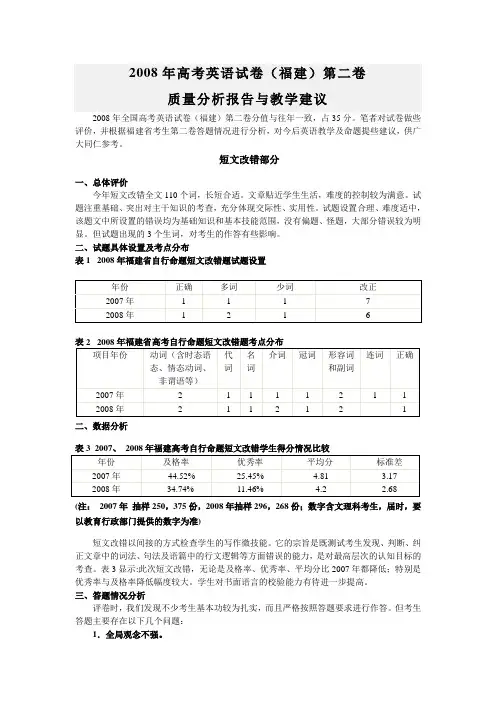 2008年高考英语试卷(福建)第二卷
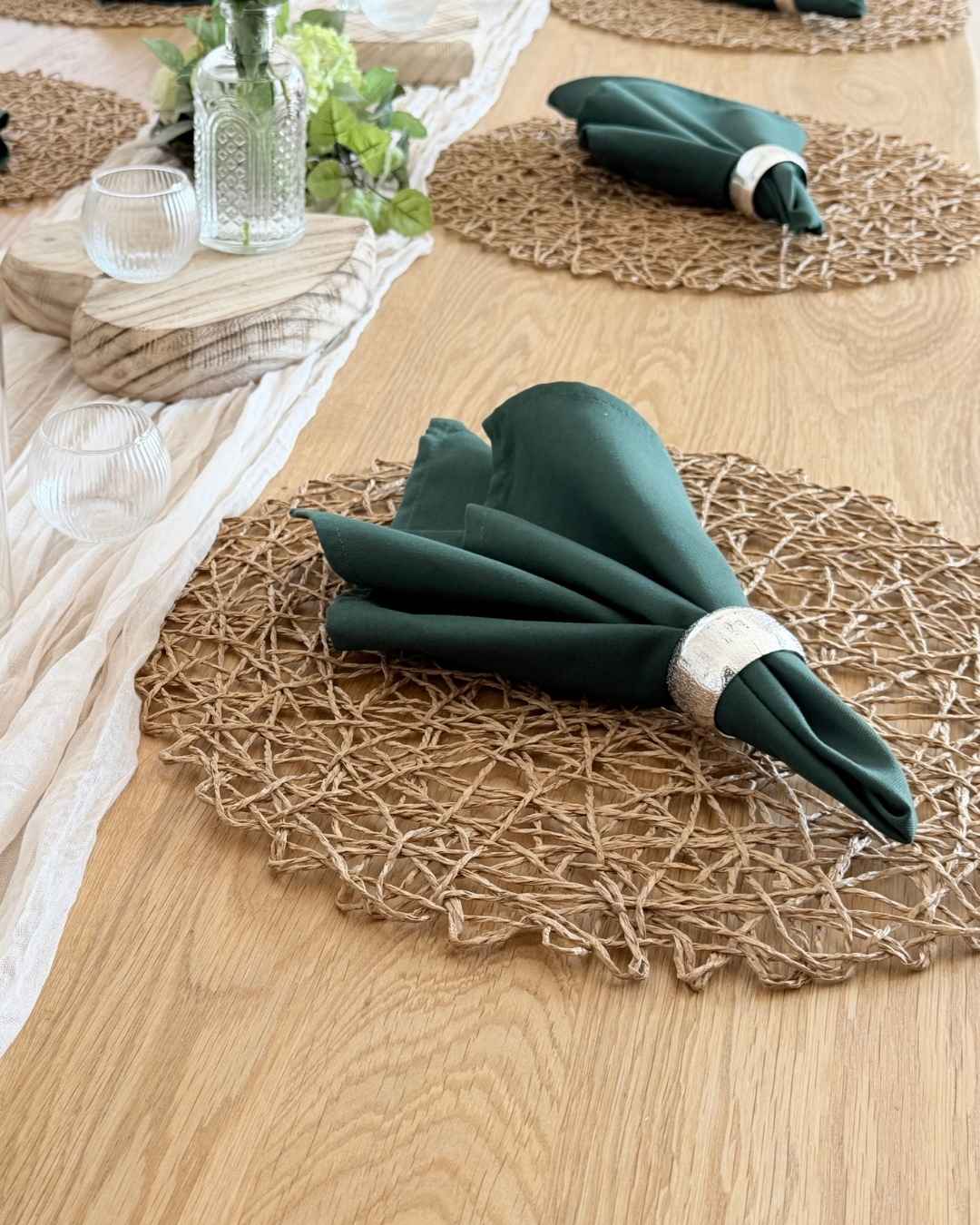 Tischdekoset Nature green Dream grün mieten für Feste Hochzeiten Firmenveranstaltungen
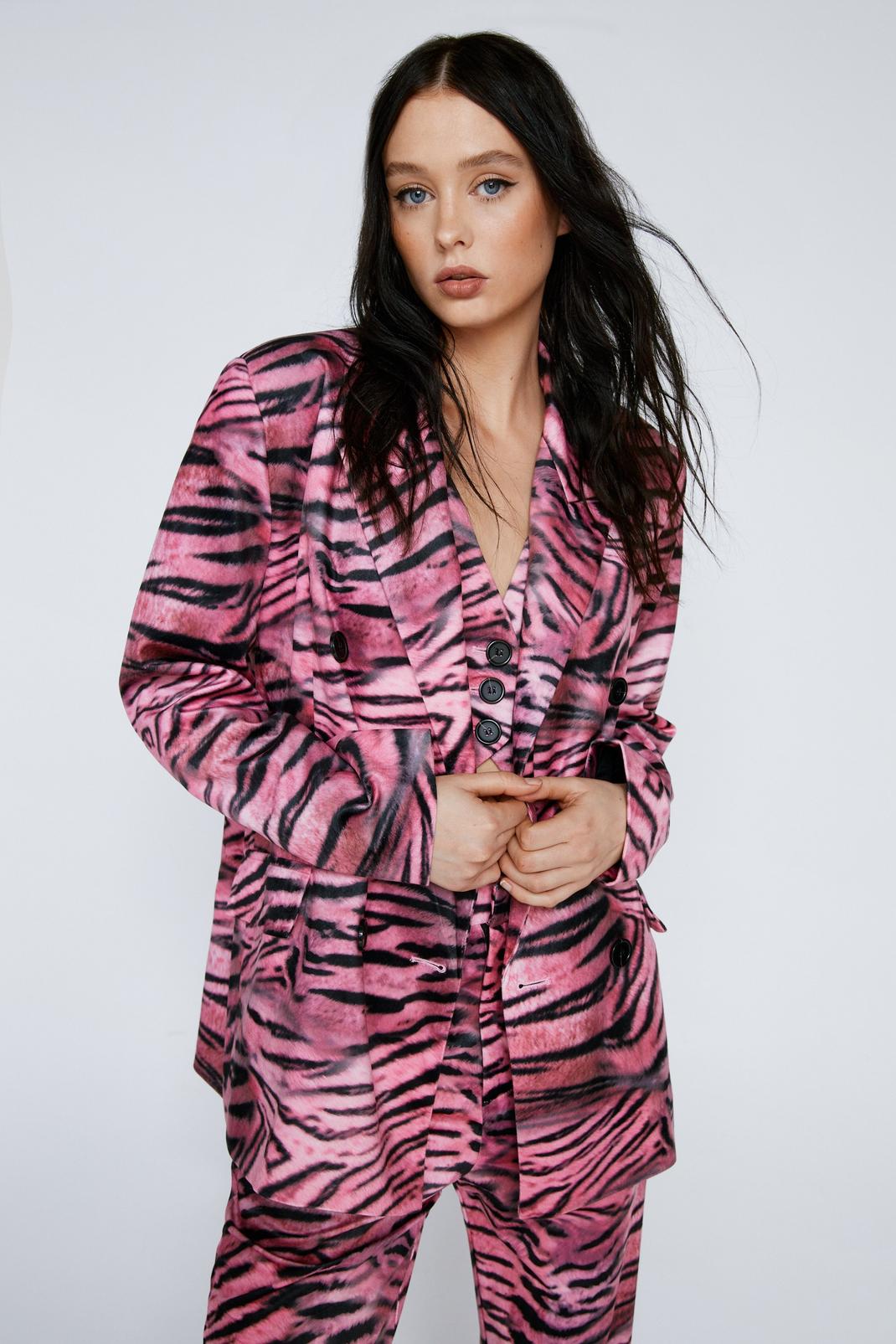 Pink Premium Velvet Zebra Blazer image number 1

· · · · · · ·

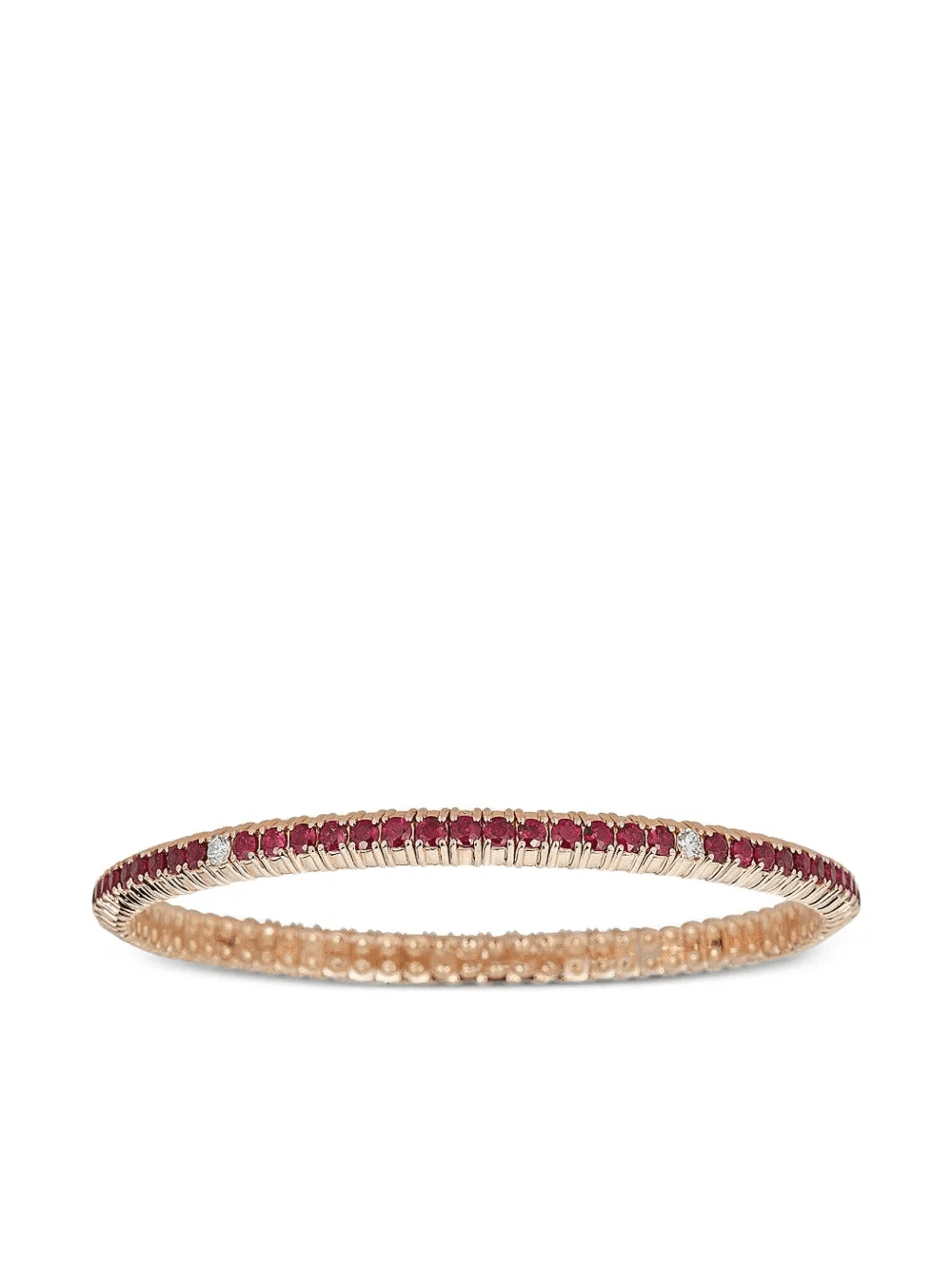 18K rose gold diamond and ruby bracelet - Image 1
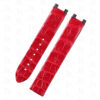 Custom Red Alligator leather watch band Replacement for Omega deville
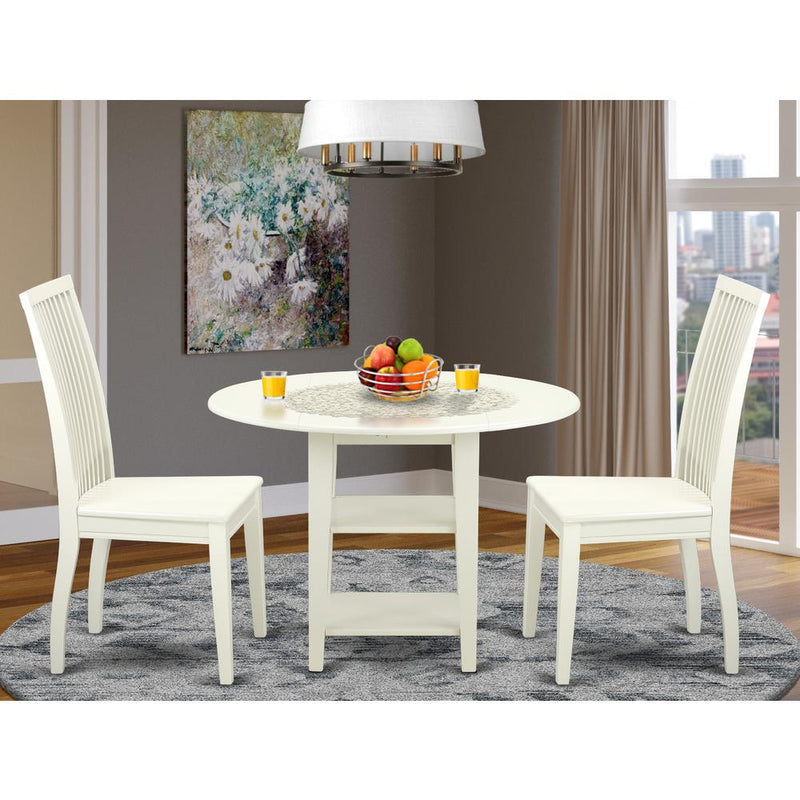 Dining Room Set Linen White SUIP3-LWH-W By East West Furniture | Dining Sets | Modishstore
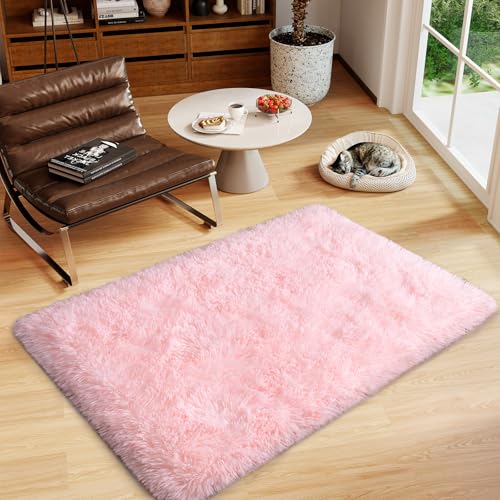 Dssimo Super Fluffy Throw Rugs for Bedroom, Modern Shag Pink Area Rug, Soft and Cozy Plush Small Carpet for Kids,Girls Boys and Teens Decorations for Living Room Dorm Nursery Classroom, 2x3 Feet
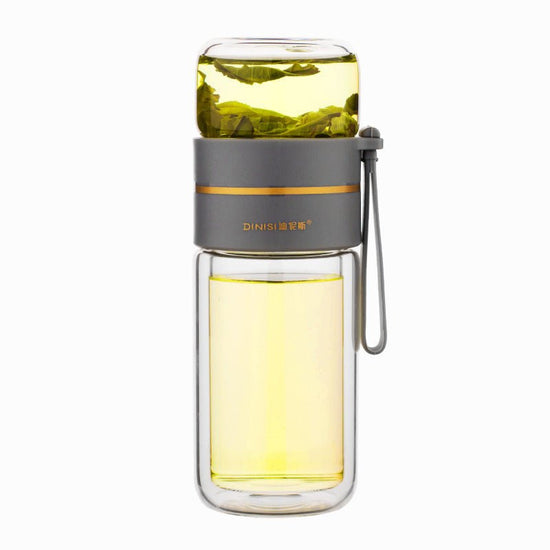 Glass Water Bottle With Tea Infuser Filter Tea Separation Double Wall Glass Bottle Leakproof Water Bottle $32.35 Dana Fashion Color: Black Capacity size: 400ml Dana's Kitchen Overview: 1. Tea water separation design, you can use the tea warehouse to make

· · · · · · ·

(Work required) Reproduce word for word, with pictures dropped, only the part of the material above that opens with the line containing "2008年高考英语试卷(福建)第二卷" and closes with the line containing "Pink Premium Velvet".

(Solution for this problem)
 2008年高考英语试卷(福建)第二卷
 Tischdekoset Nature green Dream grün mieten für Feste Hochzeiten Firmenveranstaltungen
 Pink Premium Velvet Zebra Blazer image number 1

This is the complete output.